▶ [What this task involves] Only the lines from the one with "Used 2025 Genesis G70 2.5T image 29" to the end of the data below should be given again, exactly, with both ends included and pictures omitted.
*** Opening Material shown ***
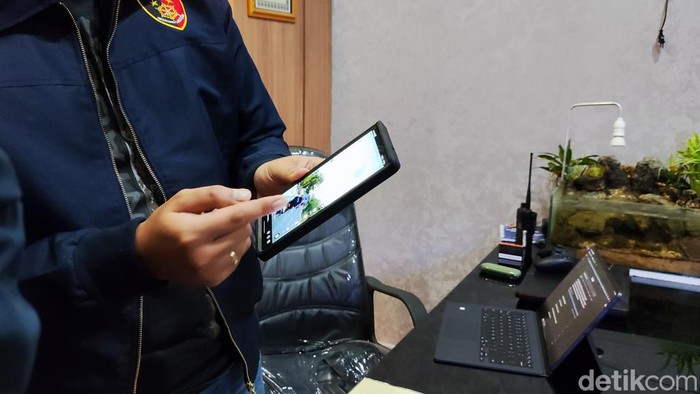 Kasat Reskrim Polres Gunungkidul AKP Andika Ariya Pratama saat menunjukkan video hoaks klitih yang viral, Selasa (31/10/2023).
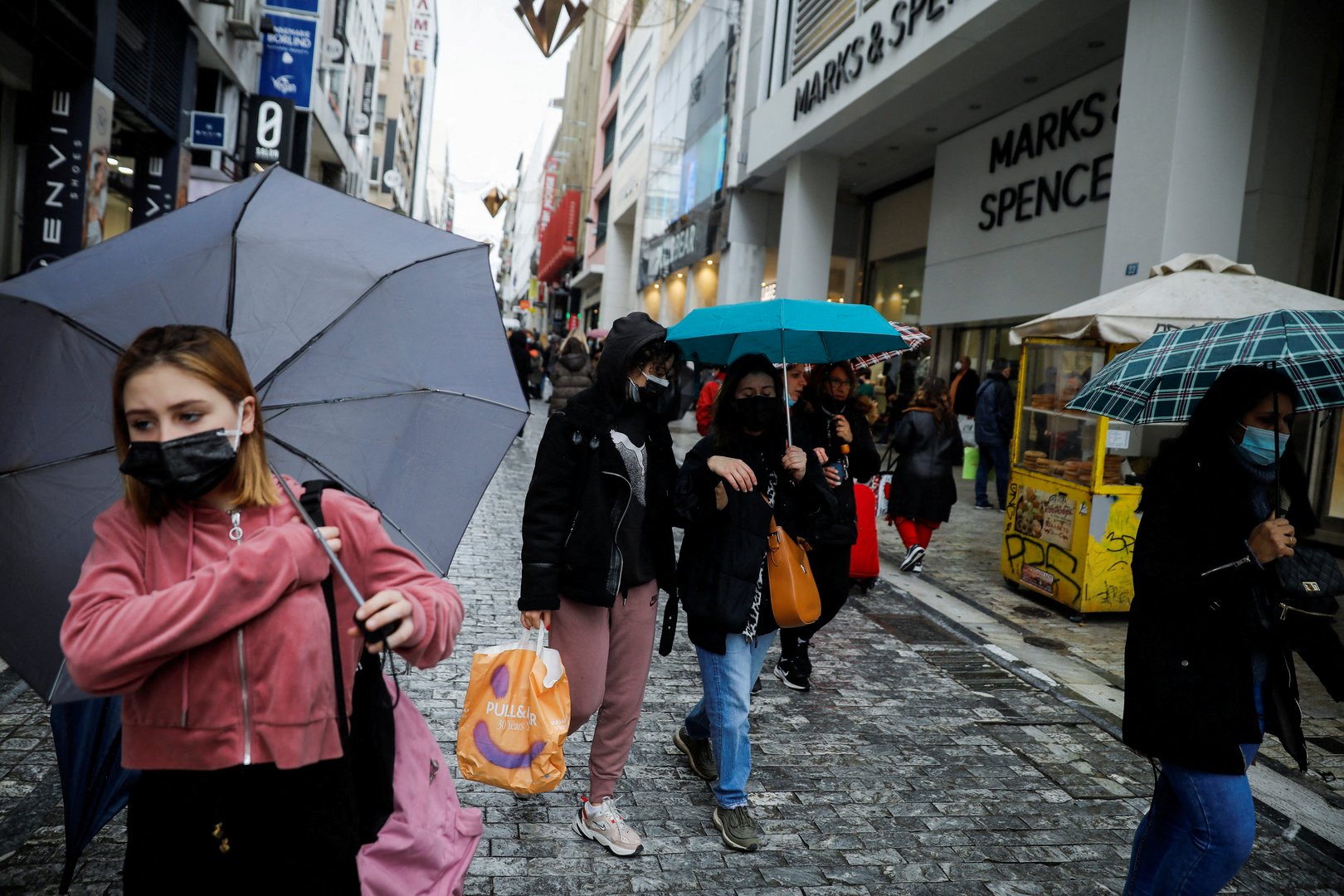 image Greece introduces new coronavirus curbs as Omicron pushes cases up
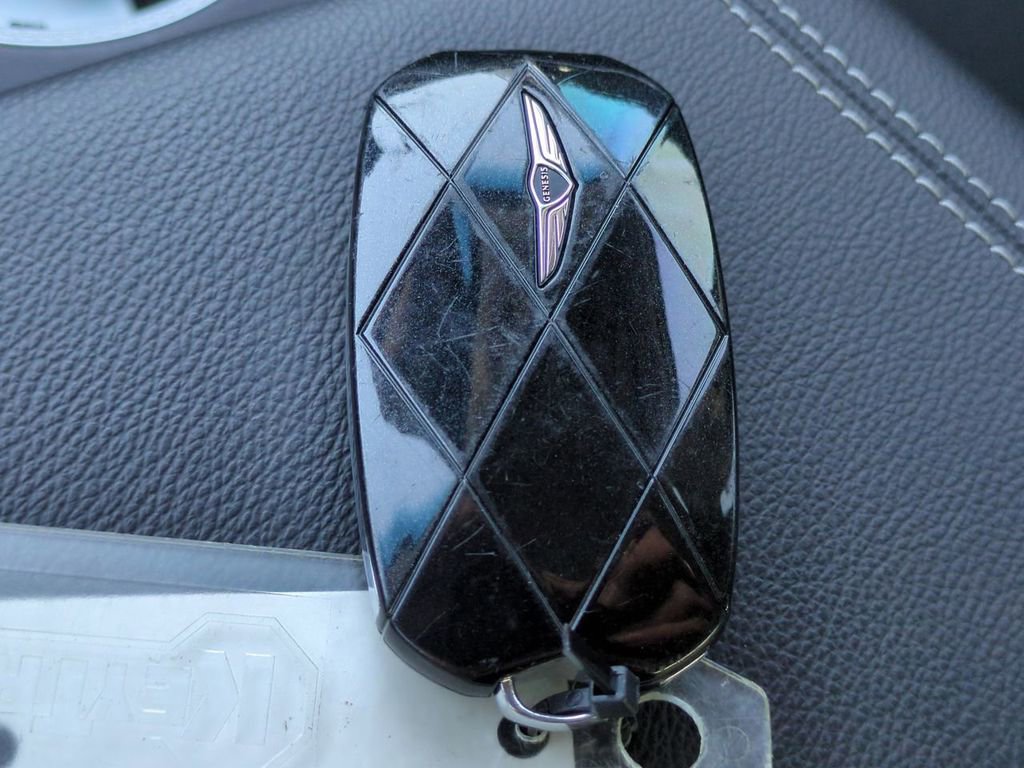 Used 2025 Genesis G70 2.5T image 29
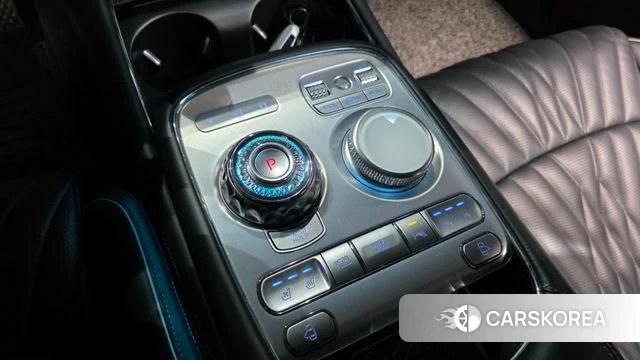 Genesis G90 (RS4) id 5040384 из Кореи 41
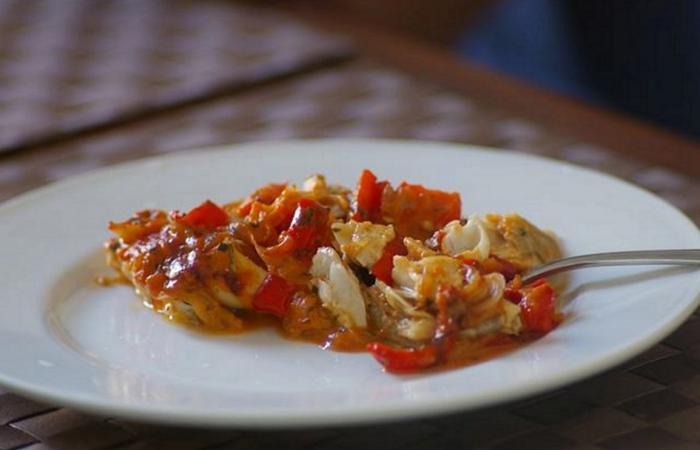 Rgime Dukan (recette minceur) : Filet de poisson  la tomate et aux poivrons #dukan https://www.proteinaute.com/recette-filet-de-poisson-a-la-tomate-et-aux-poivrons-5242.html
*** Closing Material shown ***
▶ [Answer area]
 Used 2025 Genesis G70 2.5T image 29
 Genesis G90 (RS4) id 5040384 из Кореи 41
 Rgime Dukan (recette minceur) : Filet de poisson  la tomate et aux poivrons #dukan https://www.proteinaute.com/recette-filet-de-poisson-a-la-tomate-et-aux-poivrons-5242.html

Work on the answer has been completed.